*Exercise details*: With the exception of the pictures, write out the data below precisely.

*Supplied material*:
····················

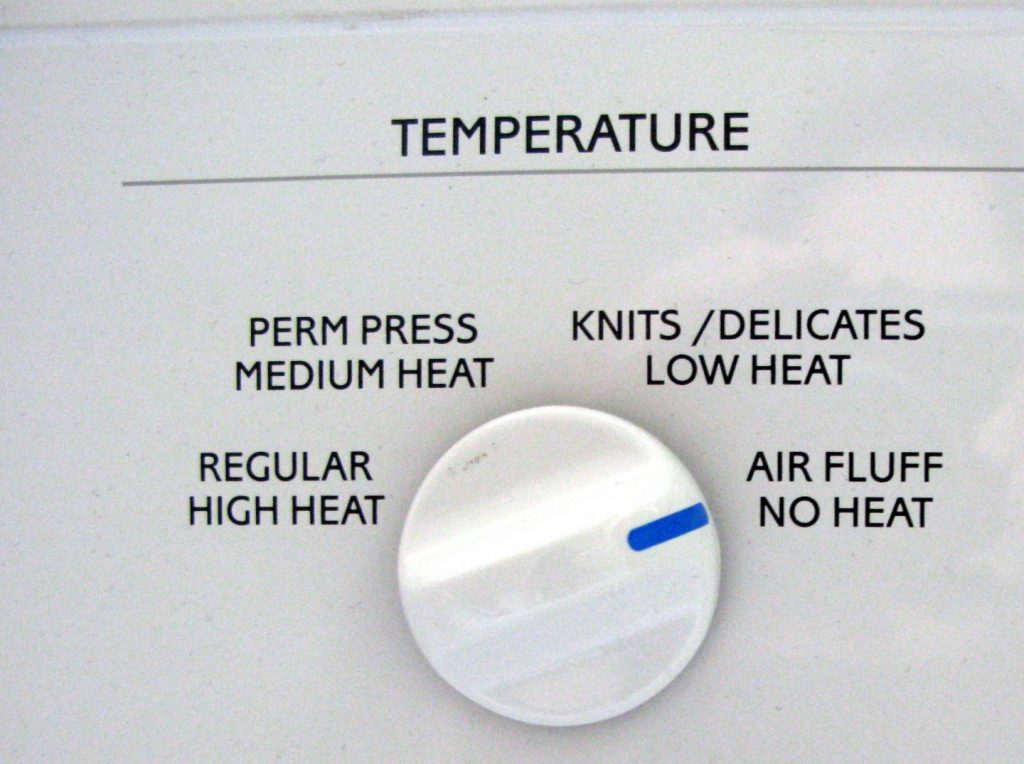 Drying machine knob set to air fluff no heat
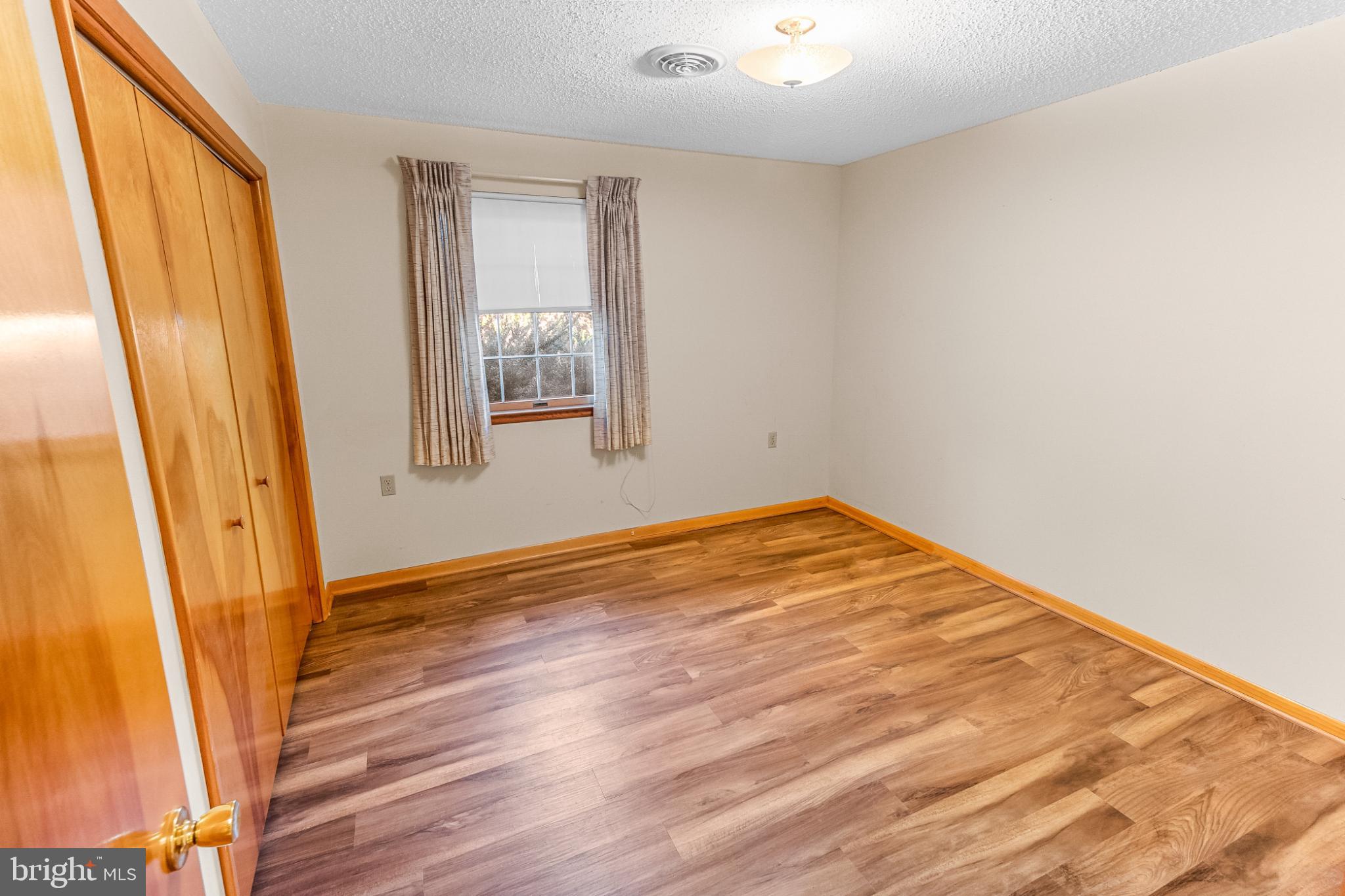 MOUNTAIN VIEW ACRES - Residential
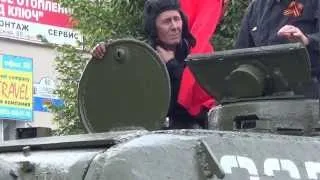 Шок! ! ! Танк едет по Луганску!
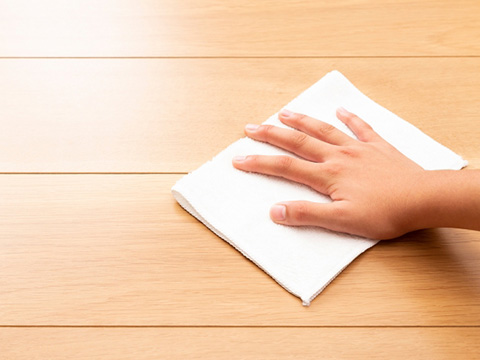 夏の汚れを手軽にスッキリ、床と畳をよみがえらせる方法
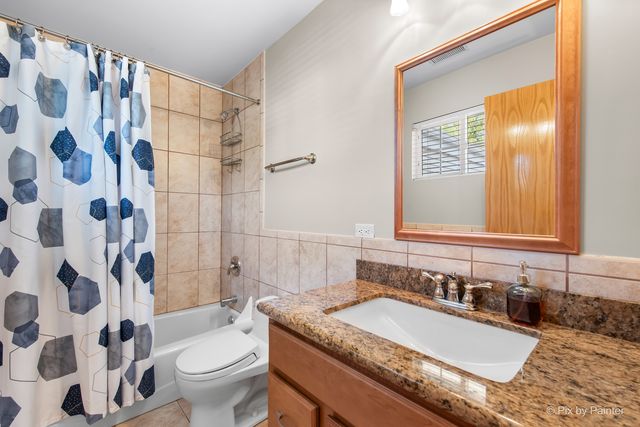 27771 W Lake Shore Drive, Spring Grove, IL 60081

····················

*Finished exercise*:
 Drying machine knob set to air fluff no heat
 MOUNTAIN VIEW ACRES - Residential
 Шок! ! ! Танк едет по Луганску!
 夏の汚れを手軽にスッキリ、床と畳をよみがえらせる方法
 27771 W Lake Shore Drive, Spring Grove, IL 60081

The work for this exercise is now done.